Zillow Group (Z 1.65%) (ZG 1.88%) reported fourth-quarter results on Feb. 21. The online real estate marketplace announced that co-founder Rich Barton would be returning as CEO as it embarks on an aggressive new growth plan.

Zillow Group results: The raw numbers


Q4 2018

Q4 2017

Year-Over-Year Change

Revenue $365.3 million $282.3 million 29%
Adjusted EBITDA $32.4 million $70.9 million (54%)
Net loss ($97.7 million) ($77.2 million) N/A

Data source: Zillow Group Q4 2018 earnings press release. EBITDA = earnings before interest, taxes, depreciation, and amortization.

What happened with Zillow Group this quarter?

Zillow's massive audience remains perhaps its most valuable asset. More than 157 million unique users accessed the company's mobile apps and websites on a monthly basis during the fourth quarter. And for the full year, people visited Zillow's properties more than 7 billion times. Those figures represented year-over-year growth of 4% and 14%, respectively.

Zillow monetizes its audience in several ways. For example, real estate agents pay to advertise on its sites. The company's premier agent revenue rose 11% year over year to $221 million in the fourth quarter.

Landlords and property managers also pay to advertise their listings. Zillow's rentals revenue grew 21% to $34.9 million last quarter.

Zillow is also building a mortgage business. The company acquired Mortgage Lenders of America in late 2018 to accelerate its plans to become a national mortgage lender. Revenue in Zillow's mortgages segment jumped 26% to $23.3 million.

Yet Zillow's new home buying and selling business perhaps has even more potential than all of its other segments combined. This portion of Zillow's operations is just getting started; the company purchased 499 houses and sold 141 through Zillow Offers in the fourth quarter. That generated a $20 million loss in adjusted EBITDA on $41.3 million in revenue. Yet management believes that the company's homes business could grow exponentially into a multibillion-dollar revenue generator.

Looking ahead

Zillow issued a financial forecast for 2019, including:

  • Total internet, media, and technology (IMT) segment revenue of $1.246 billion to $1.281 billion, including premier agent revenue of $905 million to $930 million.
  • Mortgages revenue of $100 million to $115 million.
  • IMT adjusted EBITDA of $241 million to $266 million.
  • Mortgages adjusted EBITDA of negative $32 million to negative $22 million.

The company also announced aggressive long-term targets for its advertising, mortgage, and homes businesses. In three to five years, Zillow expects to:

  • Achieve more than $2 billion in annual revenue and $600 million in adjusted EBITDA in its IMT segment.
  • Originate more than 3,000 loans per month in its mortgages segment.
  • Purchase 5,000 homes per month -- thereby generating annualized revenue of approximately $20 billion -- in its homes segment.

Check out the latest Zillow earnings call transcript.

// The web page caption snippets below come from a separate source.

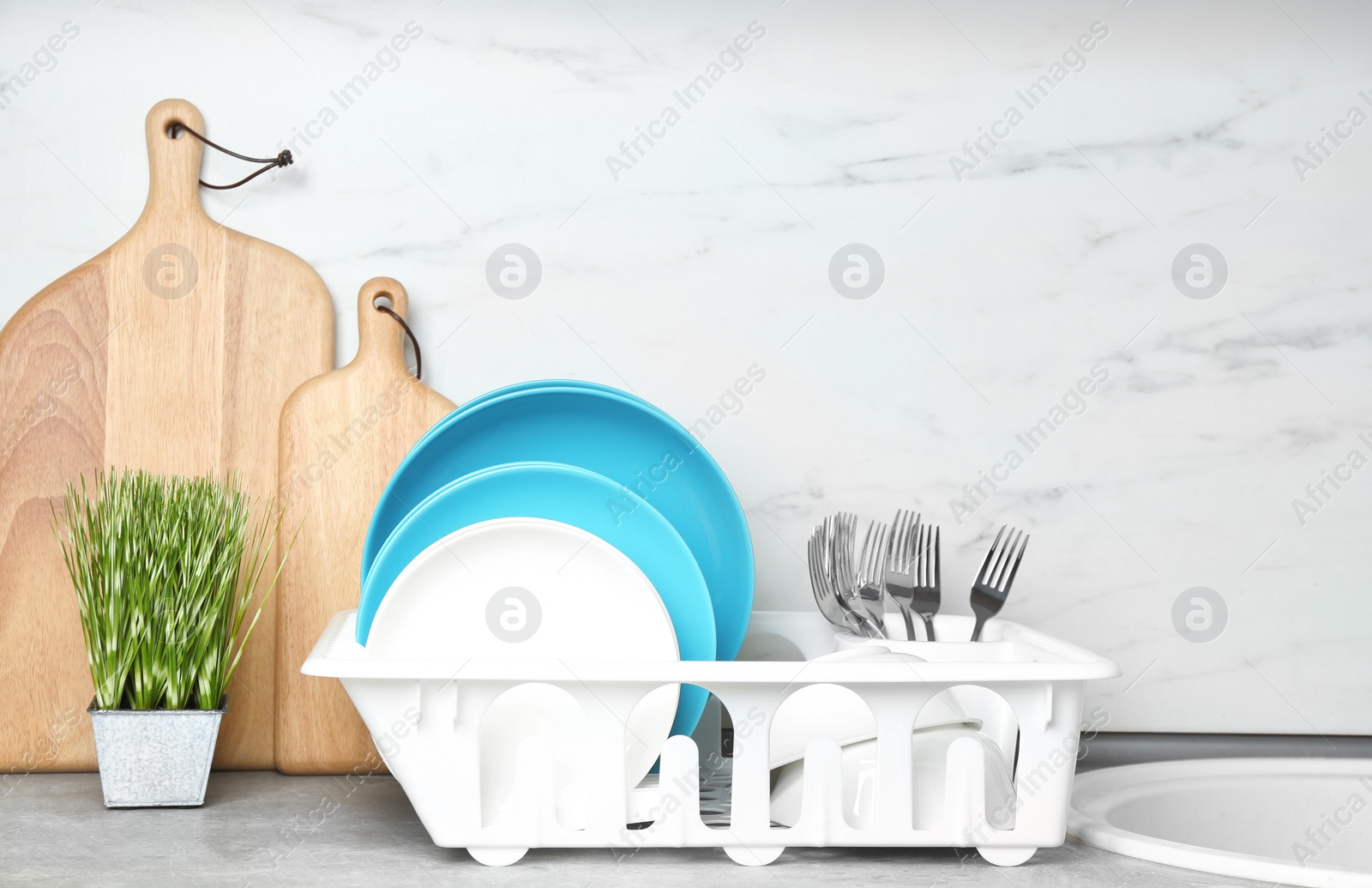 Photo of Different clean tableware near sink in kitchen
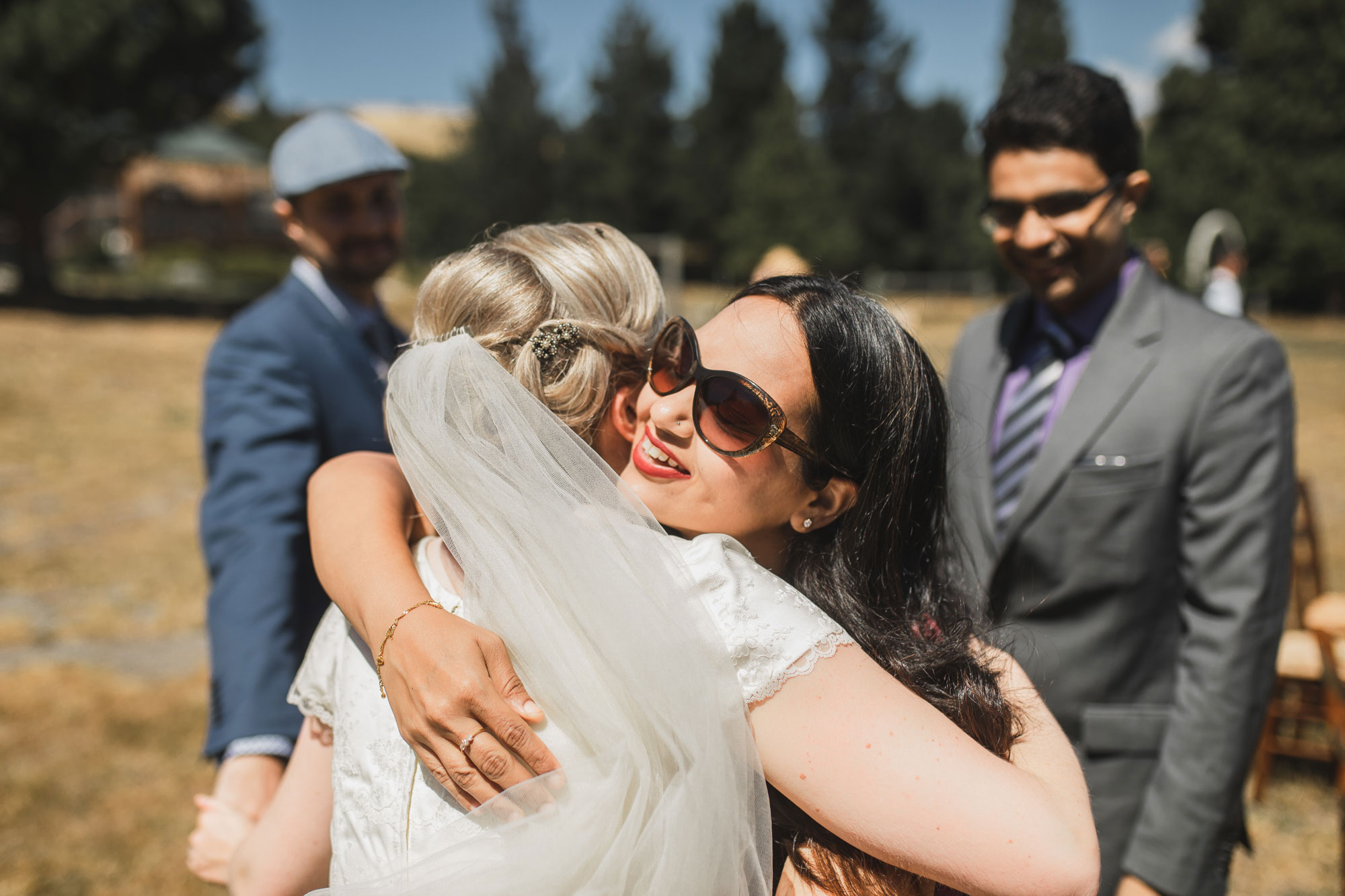 christchurch wedding guests hug bride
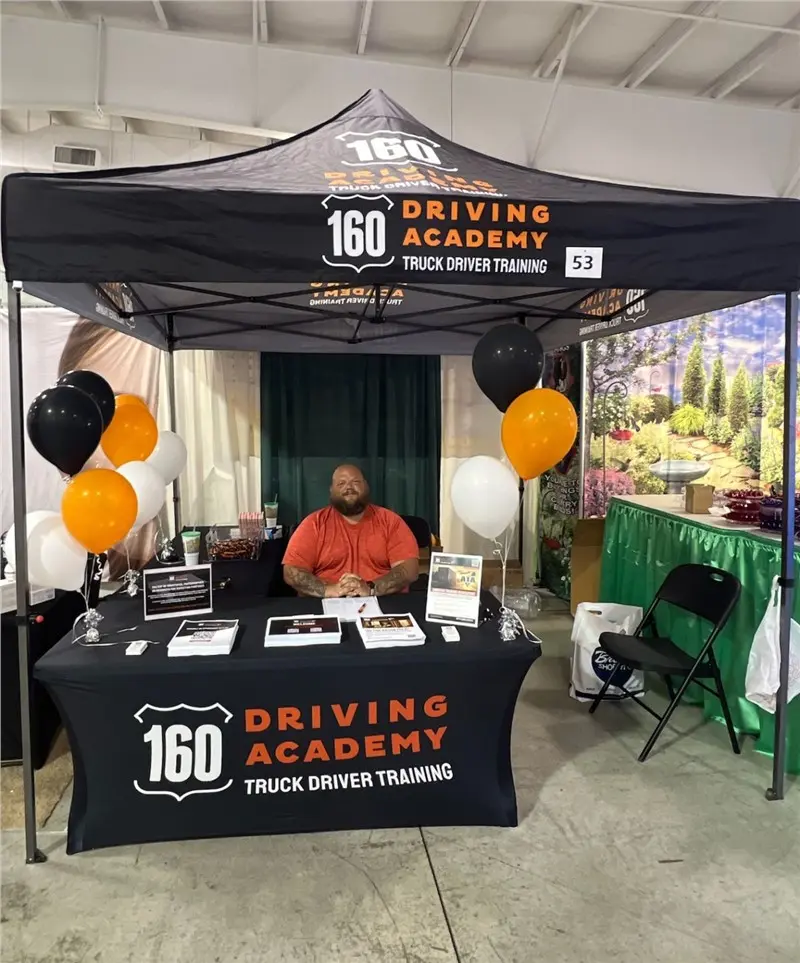 160 Driving Academy booth with seated representative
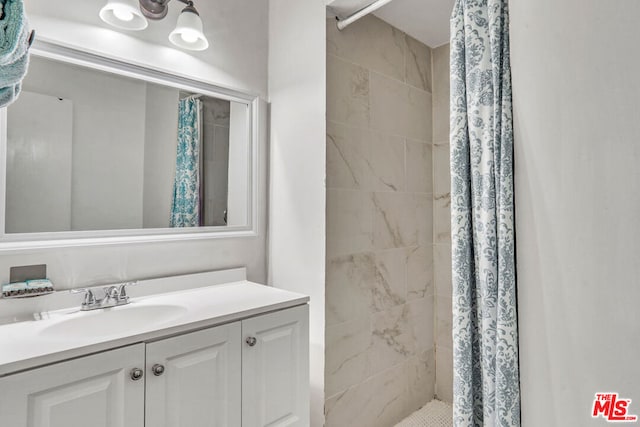 bathroom featuring vanity and a shower with shower curtain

Green house figurines on top of four rising stacks of gold coins

Zillow sees massive potential in buying and reselling homes. Image source: Getty Images.

Leadership changes

Helping Zillow achieve these goals will be returning CEO Rich Barton. Barton co-founded Zillow in 2005 and served as its CEO until 2010, when he became the company's executive chairman. Barton is replacing fellow co-founder Spencer Rascoff, who will remain on Zillow's board of directors. 

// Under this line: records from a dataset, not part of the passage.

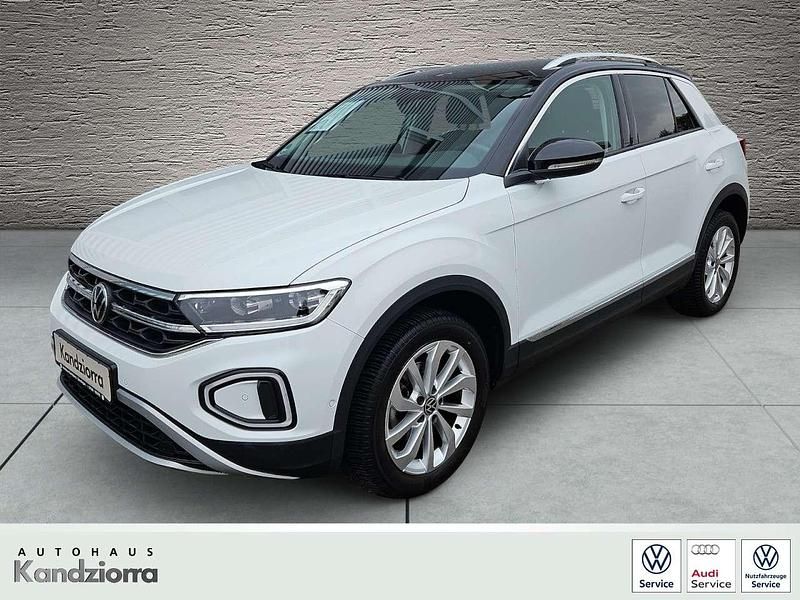Pure whiteschwarz (weiß) Gebraucht 2023 VW T-Roc Style SUV | 27.900 € (Fairer Preis) - Bild 1/4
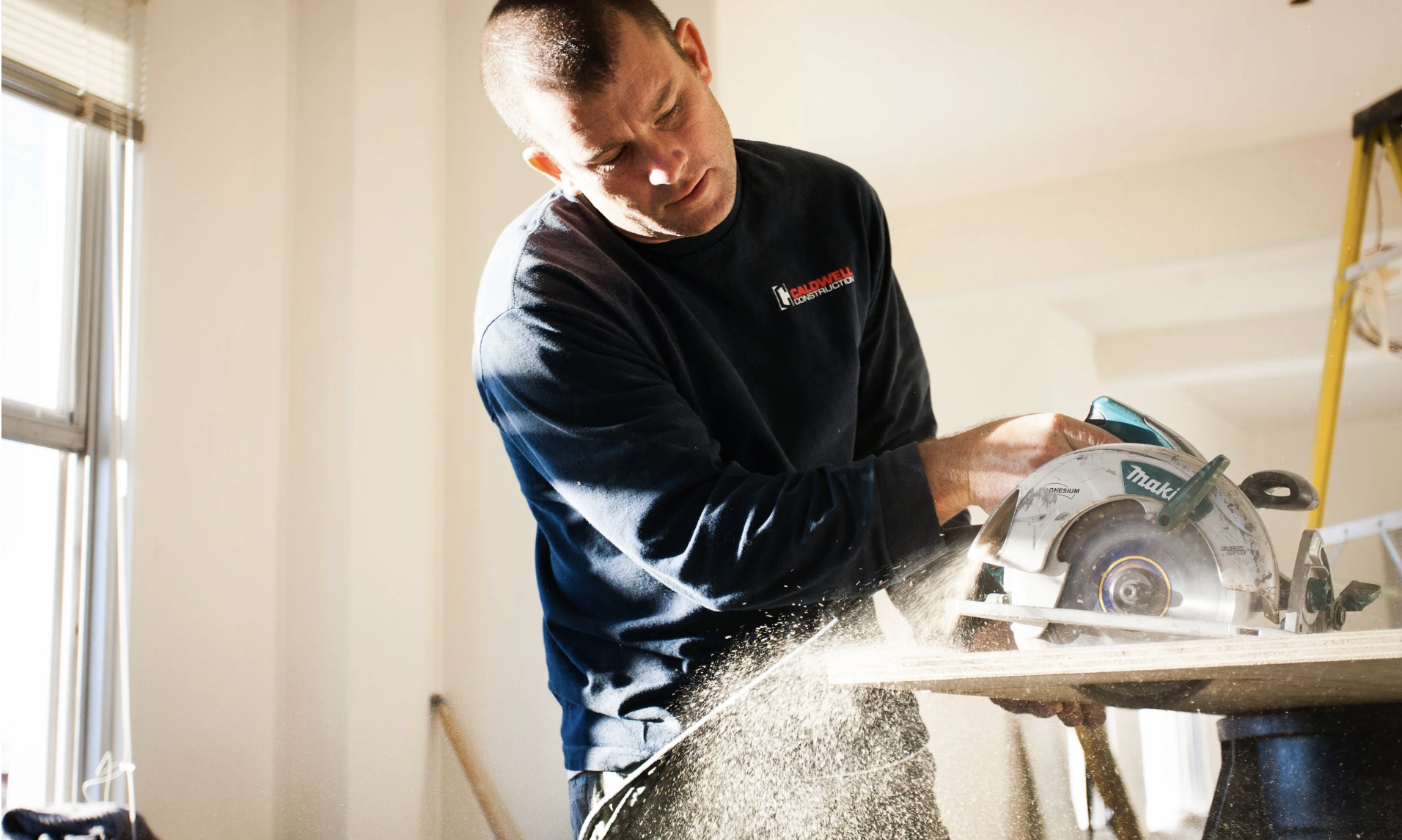 Sean Caldwell cutting material on site in Caldwell Construction gear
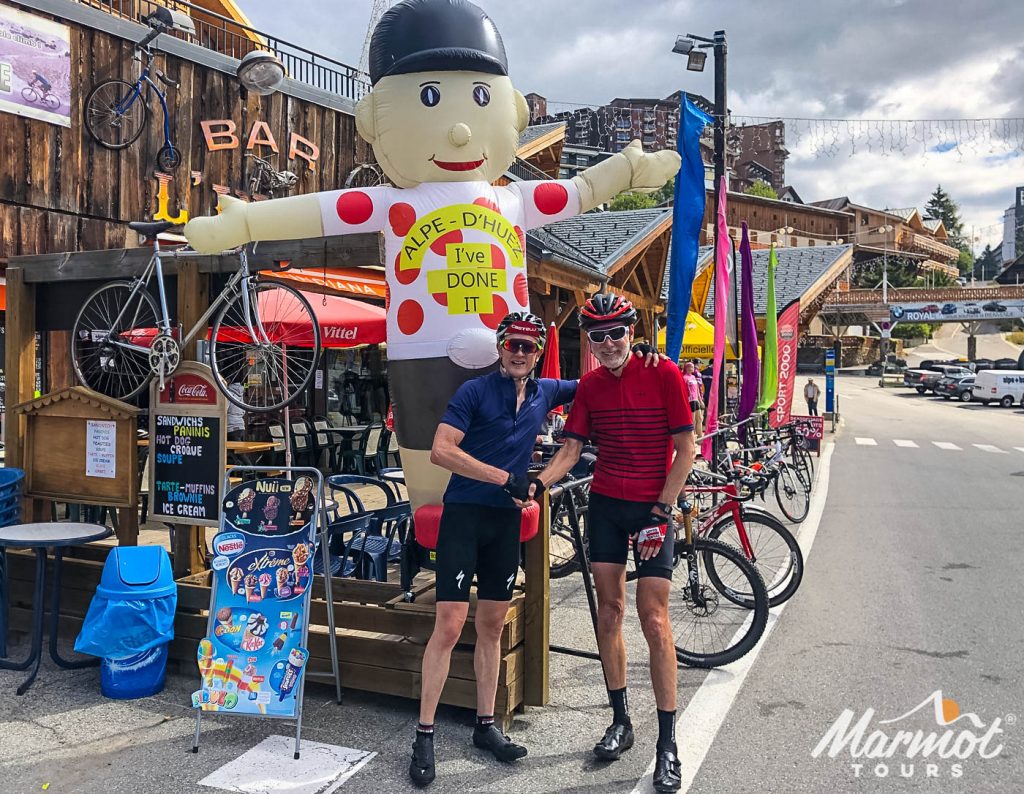 Pair of cyclists celebrating at Alpe d'Huez cycling climb with Marmot Tours guided road cycling holidays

Commenting on the transition, Barton said:

We created Zillow Group in 2005 to make the real estate shopping and purchase process easier. Much of our original dream is just now becoming possible. We are at an inflection point in this quest, and the time is right to shuffle leadership seats. I am excited to be back as CEO. I am incredibly grateful to Spencer for the indefatigable leadership that got us to this point, and I am happy we will benefit from his continued support and counsel as a board director. 

Barton also shared his vision for what he believes will ultimately become "a much larger, integrated online real estate company":

In the past year, Zillow Group has become a very different company. We're making strategic investments to broaden the Zillow Group portfolio to move further down the home-shopping funnel, giving today's 'uberized,' on-demand consumers a full spectrum of options to buy, sell, borrow and rent on their terms. The launch of Zillow Offers and the acquisition of Mortgage Lenders of America in 2018 opened our doors to home buying and selling and home loan originations. Adding real estate transactions and eventually seamless mortgages to the Zillow Group portfolio positions us well for the next generation of online real estate and dramatically increases our addressable market.

Still, Barton noted that Zillow would need to invest heavily to bring this vision to reality.

"2019 will continue to be a year of transformation and investment," Barton said. "We're building on our market leadership, the power of the Zillow Group brand portfolio and our culture of innovation to nurture our new businesses, while also partnering with Premier Agents and the industry to delight consumers, and set the stage for our next wave of growth."